Rev. Dr. Judson, the missionary, is again reported in very feeble health, and in a decline. He is nearly sixty years of age.
The Poems of Frances A. and Metta V. Fuller, of Ohio, are in press, and to be published in a beautiful volume in the autumn.
Mr. Prescott, the historian, is passing the summer in England.
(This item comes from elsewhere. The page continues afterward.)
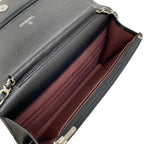 Chanel Wallet Quilted Black Chain Silver Shoulder — view 4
LITERATURE IN PARIS.—A correspondent of the London Literary Gazette, under date of June 12, says:
"I notice reprints, by Didot, of several of the standard works of Chateaubriand; a condensation, by General O'Connor, of his "Monopoly;" a Treatise, by the Bishop of Langres, on the grave question of Church and State; a very interesting and curious work on the forests of Gaul, ancient France, England, Italy, &c.; a volume of the Unpublished Letters of Mary Adelaide of Savoy, Duchess of Bourgogne—which throws great light on many of the principal historical events and personages of her time; a charming series of Sketches from Constantinople, entitled "Nuits du Ramazan," by Gerard de Nerval, a popular feuilletoniste; a big volume of the works of St. Just, the terrible Conventionist; a continuation of the Illustrated Edition of Defauconpret's Translation of the complete works of Walter Scott; an admirable fac-simile collection of Contemporary Portraits of Eminent Individuals of the Sixteenth Century; a reprint of Boileau's Satires; an Alphabetical and Analytical Table of all the Authors, Sacred and Profane, discovered or published in the forty-three volumes of the celebrated Cardinal Mai; a 'Month in Africa,' by Pierre Napoleon Buonaparte, &c. There have also been more than the usual average of works in the Greek, Latin, Hebrew. Italian and Portuguese."